Work instruction:
Report each line of the records where "Boys" occurs.

Items from a data source:
::::

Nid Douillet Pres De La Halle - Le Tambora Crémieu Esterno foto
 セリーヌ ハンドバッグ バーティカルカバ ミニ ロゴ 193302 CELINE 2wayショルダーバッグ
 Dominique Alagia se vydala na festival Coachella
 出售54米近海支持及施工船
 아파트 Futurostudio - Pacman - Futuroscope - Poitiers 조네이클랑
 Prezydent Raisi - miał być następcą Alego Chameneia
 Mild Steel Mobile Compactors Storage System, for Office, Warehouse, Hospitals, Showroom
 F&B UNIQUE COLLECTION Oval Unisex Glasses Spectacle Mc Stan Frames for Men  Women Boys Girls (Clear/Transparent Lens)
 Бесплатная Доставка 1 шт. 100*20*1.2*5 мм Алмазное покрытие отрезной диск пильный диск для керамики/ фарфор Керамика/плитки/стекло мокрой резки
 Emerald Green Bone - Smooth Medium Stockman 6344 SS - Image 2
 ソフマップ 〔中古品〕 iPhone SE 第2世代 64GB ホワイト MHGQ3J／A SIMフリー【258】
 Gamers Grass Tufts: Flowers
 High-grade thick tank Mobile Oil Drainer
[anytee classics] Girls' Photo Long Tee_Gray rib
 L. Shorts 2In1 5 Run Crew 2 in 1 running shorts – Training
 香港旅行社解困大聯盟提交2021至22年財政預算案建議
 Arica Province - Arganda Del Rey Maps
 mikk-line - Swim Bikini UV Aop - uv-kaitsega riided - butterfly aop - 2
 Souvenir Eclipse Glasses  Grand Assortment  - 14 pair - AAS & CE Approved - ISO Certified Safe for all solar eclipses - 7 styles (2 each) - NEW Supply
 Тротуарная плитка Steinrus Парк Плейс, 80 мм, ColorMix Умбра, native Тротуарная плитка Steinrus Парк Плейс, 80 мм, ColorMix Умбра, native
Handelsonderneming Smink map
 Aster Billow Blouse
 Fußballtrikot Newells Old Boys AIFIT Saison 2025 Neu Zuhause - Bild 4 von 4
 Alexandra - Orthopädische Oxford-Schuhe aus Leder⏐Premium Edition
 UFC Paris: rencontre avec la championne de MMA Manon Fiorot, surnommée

::::

Response for this exercise:
 F&B UNIQUE COLLECTION Oval Unisex Glasses Spectacle Mc Stan Frames for Men  Women Boys Girls (Clear/Transparent Lens)
 Fußballtrikot Newells Old Boys AIFIT Saison 2025 Neu Zuhause - Bild 4 von 4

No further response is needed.